# [SUPPLIED ENTRIES]
★ ★ ★ ★ ★ ★ ★

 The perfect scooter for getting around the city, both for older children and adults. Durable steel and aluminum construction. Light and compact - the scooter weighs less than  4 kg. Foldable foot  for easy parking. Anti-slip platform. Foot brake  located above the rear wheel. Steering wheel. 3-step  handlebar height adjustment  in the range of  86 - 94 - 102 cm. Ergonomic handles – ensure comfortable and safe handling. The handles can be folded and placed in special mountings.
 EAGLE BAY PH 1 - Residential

★ ★ ★ ★ ★ ★ ★

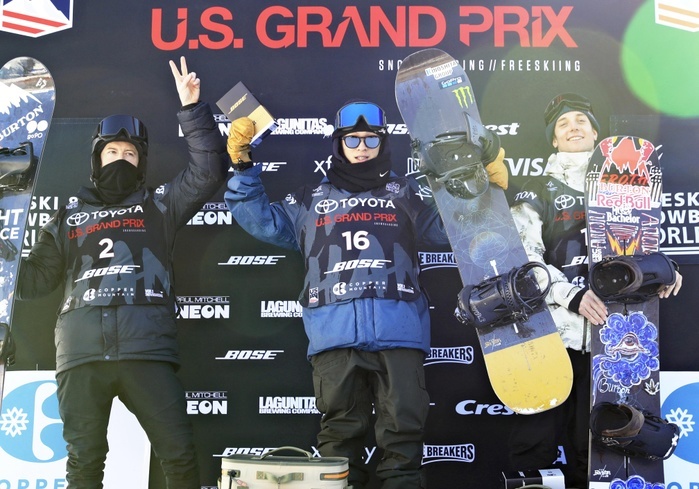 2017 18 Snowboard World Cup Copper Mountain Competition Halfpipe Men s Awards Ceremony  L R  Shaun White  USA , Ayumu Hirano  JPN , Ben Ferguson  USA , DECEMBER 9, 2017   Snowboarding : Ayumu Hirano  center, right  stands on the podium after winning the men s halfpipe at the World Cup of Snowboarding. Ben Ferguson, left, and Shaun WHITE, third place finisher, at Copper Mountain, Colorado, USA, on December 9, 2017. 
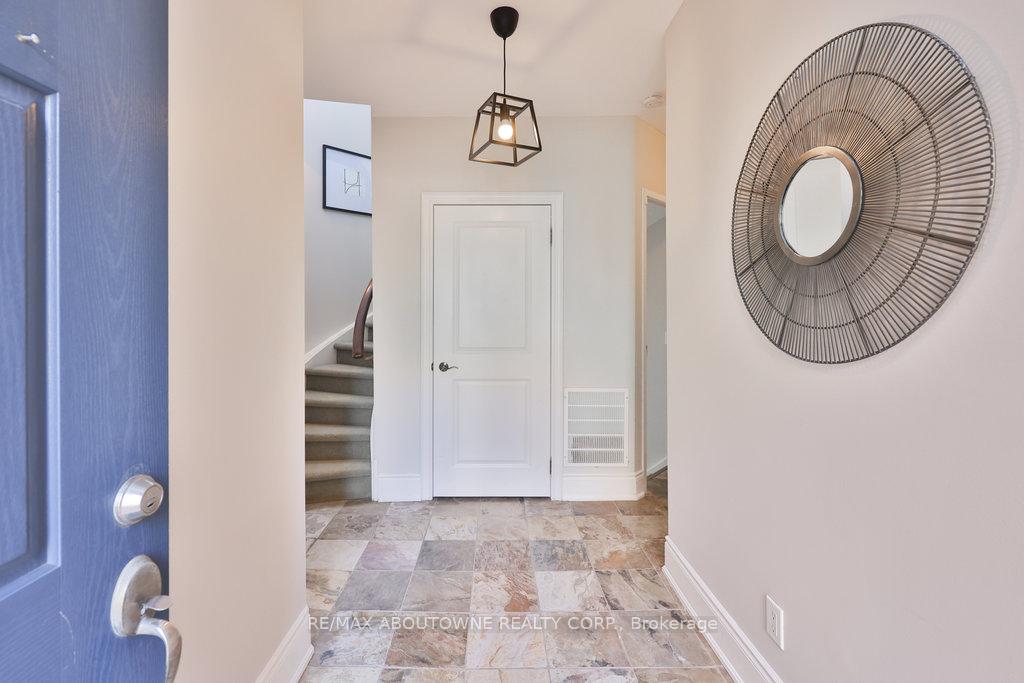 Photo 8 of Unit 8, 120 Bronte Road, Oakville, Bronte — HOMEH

★ ★ ★ ★ ★ ★ ★

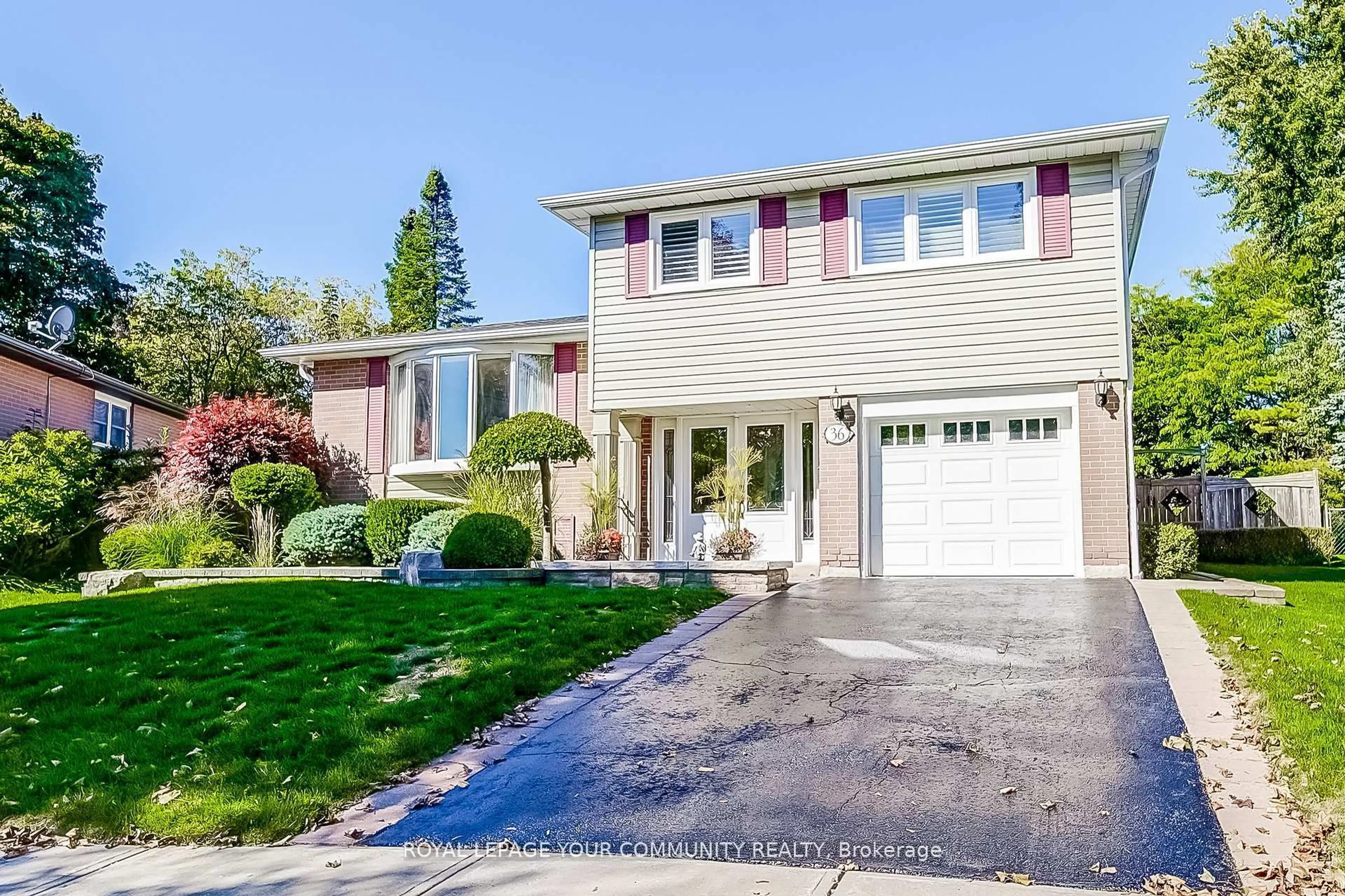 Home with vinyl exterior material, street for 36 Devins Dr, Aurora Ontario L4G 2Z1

★ ★ ★ ★ ★ ★ ★

# [TASK STATEMENT]
Beginning with the line above that contains "2017 18 Snowboard" and ending with the line that contains "Photo 8 of Unit", quote each line exactly, keeping out the pictures.

# [ANSWER BOX]
 2017 18 Snowboard World Cup Copper Mountain Competition Halfpipe Men s Awards Ceremony  L R  Shaun White  USA , Ayumu Hirano  JPN , Ben Ferguson  USA , DECEMBER 9, 2017   Snowboarding : Ayumu Hirano  center, right  stands on the podium after winning the men s halfpipe at the World Cup of Snowboarding. Ben Ferguson, left, and Shaun WHITE, third place finisher, at Copper Mountain, Colorado, USA, on December 9, 2017. 
 Photo 8 of Unit 8, 120 Bronte Road, Oakville, Bronte — HOMEH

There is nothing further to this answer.